The Mudcat Café TM
Thread #133589   Message #3032596
Posted By: Rain Dog
15-Nov-10 - 08:29 AM
Thread Name: Still Folk Dancing-After All These Years
Subject: Still Folk Dancing-After All These Years
I don't think anyone has posted about this yet. Apologies if they have.

Still Folk Dancing ... After All These Years
Friday 10 December
9.00-10.00pm BBC FOUR


Becky and Rachel Unthank explore the folk dance traditions of EnglandYoung Northumbrian folk singers and sisters Rachel and Becky Unthank take a journey around England from spring to autumn 2010 to experience living folk dance traditions in action.

Themselves Northumberland clog dancers, they explore a shared passion for dance that comes from a place, a people or a season and make some moving and unexpected discoveries.

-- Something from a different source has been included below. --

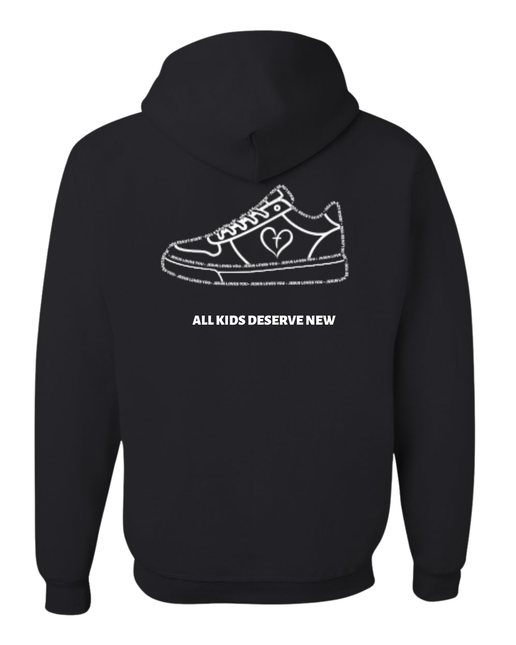 All Kids Deserve New Hoodie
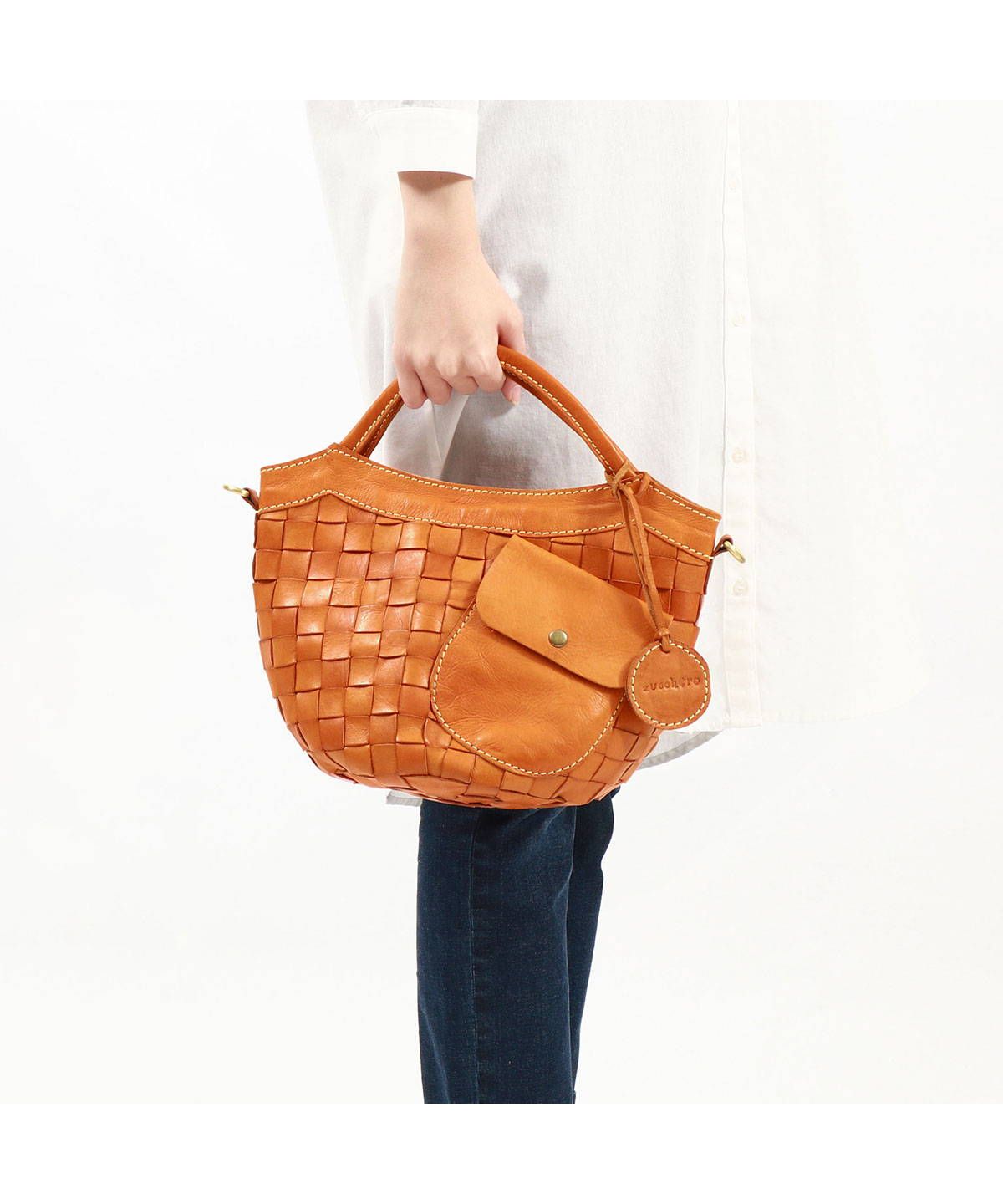 Ossl ★ ハンドメイド Dan.z チェック バッグ 4color チェックのトートバッグ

On a journey through the back gardens and narrow streets of towns and villages from Newcastle to Penzance they discover the most surprising dances, ceremonies, rituals and drunken antics that mark the turning of the seasons and the passing of the year.

On their journey, The Unthanks learn about the evolving history of the dances, whether connected to the land and the cycles of fertility, or to working customs and practices in industrial towns. They talk to local historians and visit Cecil Sharp House to explore the 20th-century revival of these dances and their codification through Sharp and others.

There's also extraordinary film archive of the dances through the decades showing that, although the people have changed, the dances have remained often remarkably constant.

The Unthanks are a Mercury-nominated English folk group, but this programme sees the sisters going back to their Northumberland clog dancing roots. Along their travels, they observe and try other English dances including travellers' step dancing in Suffolk, to horn dancing with huge antlers in Abbots Bromley and stick dancing in Oxfordshire.

As the Unthanks complete their journey, they reflect on the curious but vibrant world of local dances which flies in the face of modernisation and sometimes of ridicule, to keep the traditions and the steps alive.